Scientists have identified a new way some cancers dodge destruction: a notorious tumor-driving protein appears to help damaged cancer cells patch themselves back together after chemotherapy and radiation.
Researchers report that MYC, already known for pushing aggressive cell growth, may also move directly to sites of broken DNA and call in the machinery needed for repair. That matters because many cancer treatments work by inflicting enough DNA damage to kill tumor cells. If MYC helps fix that damage, it could give cancers a powerful survival advantage just when treatment should hit hardest.
The finding reframes MYC not just as a driver of tumor growth, but as a potential shield against the very therapies designed to stop it.

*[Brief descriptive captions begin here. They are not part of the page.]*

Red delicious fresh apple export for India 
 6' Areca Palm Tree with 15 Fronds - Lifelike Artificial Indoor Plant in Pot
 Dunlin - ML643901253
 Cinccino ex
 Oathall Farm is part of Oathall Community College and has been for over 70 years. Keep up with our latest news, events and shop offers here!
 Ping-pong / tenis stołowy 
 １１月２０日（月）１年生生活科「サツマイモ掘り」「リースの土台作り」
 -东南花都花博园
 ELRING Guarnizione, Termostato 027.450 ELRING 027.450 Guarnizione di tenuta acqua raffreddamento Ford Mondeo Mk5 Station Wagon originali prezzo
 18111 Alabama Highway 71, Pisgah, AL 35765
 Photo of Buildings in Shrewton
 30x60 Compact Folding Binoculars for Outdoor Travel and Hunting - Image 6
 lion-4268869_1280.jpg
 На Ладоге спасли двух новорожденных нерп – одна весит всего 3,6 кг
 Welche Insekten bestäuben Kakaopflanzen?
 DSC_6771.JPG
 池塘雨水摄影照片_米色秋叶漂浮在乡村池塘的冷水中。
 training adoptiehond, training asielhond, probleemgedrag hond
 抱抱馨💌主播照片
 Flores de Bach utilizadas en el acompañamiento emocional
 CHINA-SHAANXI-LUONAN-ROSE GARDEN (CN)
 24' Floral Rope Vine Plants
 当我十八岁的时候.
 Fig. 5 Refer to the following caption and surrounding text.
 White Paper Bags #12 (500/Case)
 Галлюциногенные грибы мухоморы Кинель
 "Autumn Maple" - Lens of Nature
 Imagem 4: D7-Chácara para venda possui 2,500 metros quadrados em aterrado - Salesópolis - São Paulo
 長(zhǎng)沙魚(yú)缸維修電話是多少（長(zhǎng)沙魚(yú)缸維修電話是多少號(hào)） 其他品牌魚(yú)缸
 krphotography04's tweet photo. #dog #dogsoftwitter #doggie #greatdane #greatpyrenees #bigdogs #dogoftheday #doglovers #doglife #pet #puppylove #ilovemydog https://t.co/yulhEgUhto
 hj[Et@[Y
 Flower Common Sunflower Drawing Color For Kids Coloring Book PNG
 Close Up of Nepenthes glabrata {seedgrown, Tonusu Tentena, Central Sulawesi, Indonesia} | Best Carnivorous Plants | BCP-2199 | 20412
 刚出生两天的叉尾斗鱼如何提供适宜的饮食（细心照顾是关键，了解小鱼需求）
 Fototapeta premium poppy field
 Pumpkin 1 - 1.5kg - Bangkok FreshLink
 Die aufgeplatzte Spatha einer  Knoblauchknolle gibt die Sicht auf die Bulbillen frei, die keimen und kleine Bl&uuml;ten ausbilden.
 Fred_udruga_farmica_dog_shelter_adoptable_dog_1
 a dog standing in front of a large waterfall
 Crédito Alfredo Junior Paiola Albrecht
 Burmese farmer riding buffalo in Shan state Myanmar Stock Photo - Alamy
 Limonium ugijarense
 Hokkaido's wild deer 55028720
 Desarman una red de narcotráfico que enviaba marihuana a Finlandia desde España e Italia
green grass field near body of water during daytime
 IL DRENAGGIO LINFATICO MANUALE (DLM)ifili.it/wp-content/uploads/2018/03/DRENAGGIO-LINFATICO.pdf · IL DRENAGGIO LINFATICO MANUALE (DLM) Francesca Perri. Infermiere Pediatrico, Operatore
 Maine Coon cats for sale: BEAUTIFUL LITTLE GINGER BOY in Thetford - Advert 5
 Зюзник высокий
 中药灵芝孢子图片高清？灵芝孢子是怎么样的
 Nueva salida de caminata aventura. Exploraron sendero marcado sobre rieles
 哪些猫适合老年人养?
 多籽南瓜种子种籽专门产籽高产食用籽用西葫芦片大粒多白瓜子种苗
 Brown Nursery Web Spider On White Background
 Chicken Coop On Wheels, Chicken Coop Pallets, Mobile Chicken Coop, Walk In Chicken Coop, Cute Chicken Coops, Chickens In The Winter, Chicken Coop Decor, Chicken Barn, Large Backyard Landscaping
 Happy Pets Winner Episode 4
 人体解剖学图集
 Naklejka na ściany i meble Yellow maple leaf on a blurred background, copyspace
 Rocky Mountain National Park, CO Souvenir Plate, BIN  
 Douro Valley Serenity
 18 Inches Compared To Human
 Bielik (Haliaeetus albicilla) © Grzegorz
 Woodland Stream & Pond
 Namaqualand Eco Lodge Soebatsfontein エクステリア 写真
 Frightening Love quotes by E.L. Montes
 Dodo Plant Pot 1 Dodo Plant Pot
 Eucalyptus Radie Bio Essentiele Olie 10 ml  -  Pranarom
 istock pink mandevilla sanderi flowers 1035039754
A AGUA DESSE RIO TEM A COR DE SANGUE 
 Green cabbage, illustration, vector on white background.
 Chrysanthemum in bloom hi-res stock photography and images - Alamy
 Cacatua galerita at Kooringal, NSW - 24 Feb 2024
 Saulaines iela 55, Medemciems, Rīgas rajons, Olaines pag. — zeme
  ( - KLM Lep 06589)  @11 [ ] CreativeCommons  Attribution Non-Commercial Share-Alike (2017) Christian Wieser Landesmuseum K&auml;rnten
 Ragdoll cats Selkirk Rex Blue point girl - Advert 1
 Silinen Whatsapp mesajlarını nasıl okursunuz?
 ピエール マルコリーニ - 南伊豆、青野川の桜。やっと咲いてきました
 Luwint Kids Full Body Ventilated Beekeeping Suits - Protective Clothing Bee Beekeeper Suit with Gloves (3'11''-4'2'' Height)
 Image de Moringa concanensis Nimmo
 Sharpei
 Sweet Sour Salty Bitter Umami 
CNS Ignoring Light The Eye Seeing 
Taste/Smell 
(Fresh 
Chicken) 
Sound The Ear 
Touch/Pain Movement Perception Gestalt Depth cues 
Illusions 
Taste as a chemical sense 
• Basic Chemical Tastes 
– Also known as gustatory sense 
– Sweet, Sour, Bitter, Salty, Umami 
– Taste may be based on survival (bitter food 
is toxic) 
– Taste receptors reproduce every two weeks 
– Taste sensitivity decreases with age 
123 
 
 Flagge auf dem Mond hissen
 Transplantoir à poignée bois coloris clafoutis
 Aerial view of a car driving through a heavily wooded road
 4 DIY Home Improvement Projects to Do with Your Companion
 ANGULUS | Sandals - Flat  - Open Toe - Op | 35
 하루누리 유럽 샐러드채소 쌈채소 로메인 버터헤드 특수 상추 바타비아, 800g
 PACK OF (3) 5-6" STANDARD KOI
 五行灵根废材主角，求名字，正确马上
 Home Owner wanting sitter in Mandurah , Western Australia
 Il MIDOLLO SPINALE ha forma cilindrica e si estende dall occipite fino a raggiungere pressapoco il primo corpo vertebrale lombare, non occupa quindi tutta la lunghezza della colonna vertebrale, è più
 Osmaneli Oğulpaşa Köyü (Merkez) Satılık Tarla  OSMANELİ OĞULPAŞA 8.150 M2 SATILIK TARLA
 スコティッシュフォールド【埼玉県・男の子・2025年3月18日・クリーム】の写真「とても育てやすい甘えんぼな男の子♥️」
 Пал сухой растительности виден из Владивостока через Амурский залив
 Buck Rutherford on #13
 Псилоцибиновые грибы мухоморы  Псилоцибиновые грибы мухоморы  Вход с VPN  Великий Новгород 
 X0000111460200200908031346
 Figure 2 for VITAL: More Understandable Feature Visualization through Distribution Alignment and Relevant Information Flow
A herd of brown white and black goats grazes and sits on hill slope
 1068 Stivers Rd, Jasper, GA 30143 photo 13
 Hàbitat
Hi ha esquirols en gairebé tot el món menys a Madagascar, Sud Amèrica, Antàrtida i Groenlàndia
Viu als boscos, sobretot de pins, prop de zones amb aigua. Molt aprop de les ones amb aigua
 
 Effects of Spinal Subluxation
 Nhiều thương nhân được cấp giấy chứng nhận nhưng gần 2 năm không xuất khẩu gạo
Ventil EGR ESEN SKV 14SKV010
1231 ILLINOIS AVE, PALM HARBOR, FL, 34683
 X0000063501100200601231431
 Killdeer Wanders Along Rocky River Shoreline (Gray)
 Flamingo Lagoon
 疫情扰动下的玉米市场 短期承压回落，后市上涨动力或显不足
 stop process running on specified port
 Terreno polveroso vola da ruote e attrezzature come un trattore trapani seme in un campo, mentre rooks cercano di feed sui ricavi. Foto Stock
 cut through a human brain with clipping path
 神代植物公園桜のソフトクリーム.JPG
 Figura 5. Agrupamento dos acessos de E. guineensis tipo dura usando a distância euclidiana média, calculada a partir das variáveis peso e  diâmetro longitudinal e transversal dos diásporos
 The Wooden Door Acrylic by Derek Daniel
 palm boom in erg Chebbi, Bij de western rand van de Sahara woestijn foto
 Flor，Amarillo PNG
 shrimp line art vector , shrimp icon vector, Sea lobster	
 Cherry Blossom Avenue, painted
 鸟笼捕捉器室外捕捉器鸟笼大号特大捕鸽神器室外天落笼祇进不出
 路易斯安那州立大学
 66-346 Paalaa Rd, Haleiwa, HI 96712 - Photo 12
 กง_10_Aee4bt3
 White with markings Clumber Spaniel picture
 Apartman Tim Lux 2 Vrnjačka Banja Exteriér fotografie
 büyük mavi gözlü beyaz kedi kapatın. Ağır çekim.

The discovery adds a sharper edge to a longstanding problem in oncology: why some tumors shrink under treatment, then return. Reports indicate MYC may help cancer cells recover from the genetic injuries caused by chemotherapy and radiation, allowing at least some cells to endure and keep dividing. That does not by itself rewrite cancer care, but it offers a clearer explanation for treatment resistance in cancers where MYC plays a central role.
Key Facts
- Researchers found MYC may go directly to broken DNA in cancer cells.
- The protein appears to recruit repair machinery that helps fix treatment-related damage.
- Chemotherapy and radiation often aim to kill cancer by causing DNA breaks.
- The findings suggest MYC could help explain why some tumors survive and return.
The work also points toward a practical next step. If future studies confirm that MYC helps coordinate DNA repair, drug developers may look for ways to block that function and leave tumor cells more exposed to treatment. For patients, the significance lies in what could come next: more precise strategies to prevent resistance, improve response to chemotherapy and radiation, and make cancer therapies harder for tumors to outlast.